Each line of the data that mentions the string "where" needs to be identified and copied.

▶ [Provided information]:
::::::::::
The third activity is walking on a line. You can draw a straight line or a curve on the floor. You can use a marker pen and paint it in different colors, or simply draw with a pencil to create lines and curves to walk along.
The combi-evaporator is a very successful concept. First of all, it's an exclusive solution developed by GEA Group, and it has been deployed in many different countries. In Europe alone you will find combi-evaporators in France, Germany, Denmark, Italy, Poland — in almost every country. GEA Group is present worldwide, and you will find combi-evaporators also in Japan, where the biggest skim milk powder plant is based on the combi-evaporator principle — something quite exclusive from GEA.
::::::::::
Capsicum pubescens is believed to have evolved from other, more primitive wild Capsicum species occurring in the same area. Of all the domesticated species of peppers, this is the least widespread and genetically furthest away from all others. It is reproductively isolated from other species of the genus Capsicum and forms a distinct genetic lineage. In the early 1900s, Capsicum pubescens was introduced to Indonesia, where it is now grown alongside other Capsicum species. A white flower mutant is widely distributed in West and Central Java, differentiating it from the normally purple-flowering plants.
::::::::::
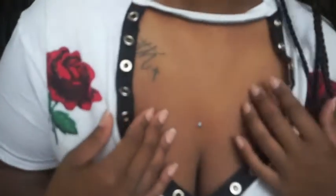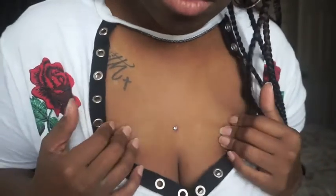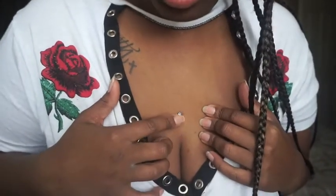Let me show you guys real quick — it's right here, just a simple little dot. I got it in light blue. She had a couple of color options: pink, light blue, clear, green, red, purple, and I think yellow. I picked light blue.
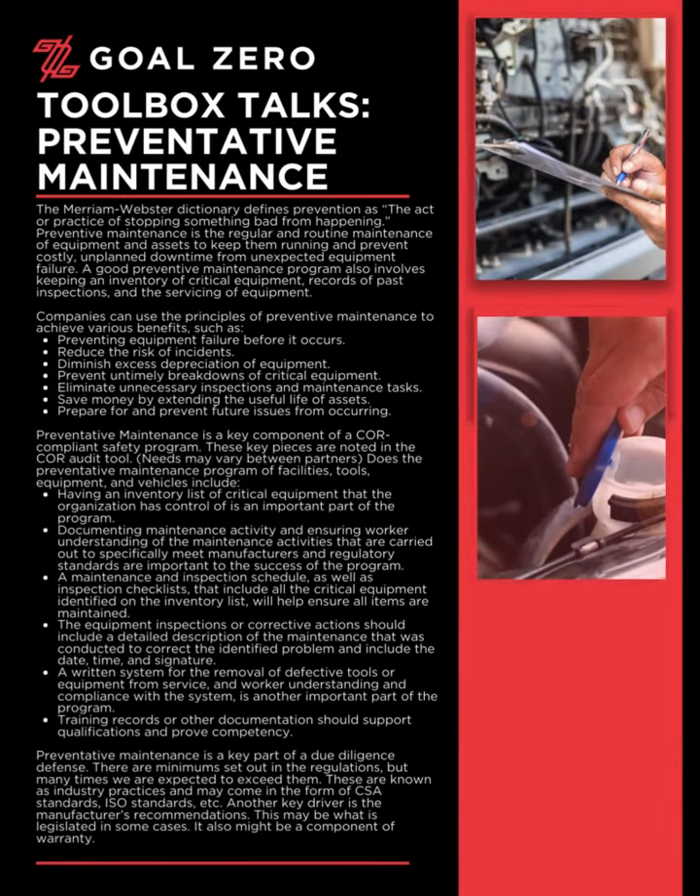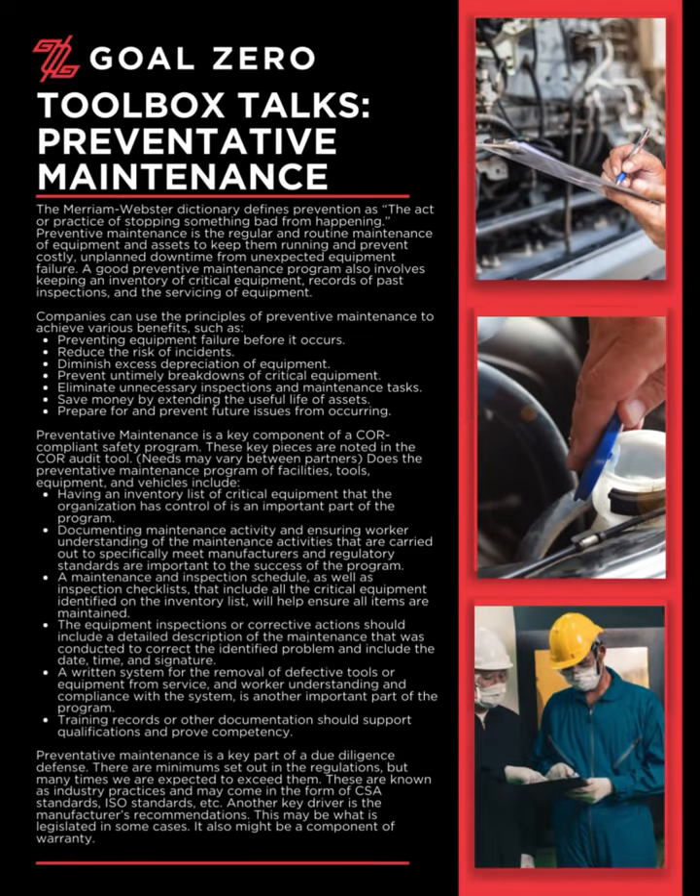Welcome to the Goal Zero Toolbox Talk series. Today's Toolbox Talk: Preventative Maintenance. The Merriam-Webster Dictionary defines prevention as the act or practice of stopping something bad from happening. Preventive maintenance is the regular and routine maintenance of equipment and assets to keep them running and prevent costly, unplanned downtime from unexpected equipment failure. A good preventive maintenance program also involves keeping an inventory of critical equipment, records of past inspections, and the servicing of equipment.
::::::::::
▶ [Written answer]:
The combi-evaporator is a very successful concept. First of all, it's an exclusive solution developed by GEA Group, and it has been deployed in many different countries. In Europe alone you will find combi-evaporators in France, Germany, Denmark, Italy, Poland — in almost every country. GEA Group is present worldwide, and you will find combi-evaporators also in Japan, where the biggest skim milk powder plant is based on the combi-evaporator principle — something quite exclusive from GEA.
Capsicum pubescens is believed to have evolved from other, more primitive wild Capsicum species occurring in the same area. Of all the domesticated species of peppers, this is the least widespread and genetically furthest away from all others. It is reproductively isolated from other species of the genus Capsicum and forms a distinct genetic lineage. In the early 1900s, Capsicum pubescens was introduced to Indonesia, where it is now grown alongside other Capsicum species. A white flower mutant is widely distributed in West and Central Java, differentiating it from the normally purple-flowering plants.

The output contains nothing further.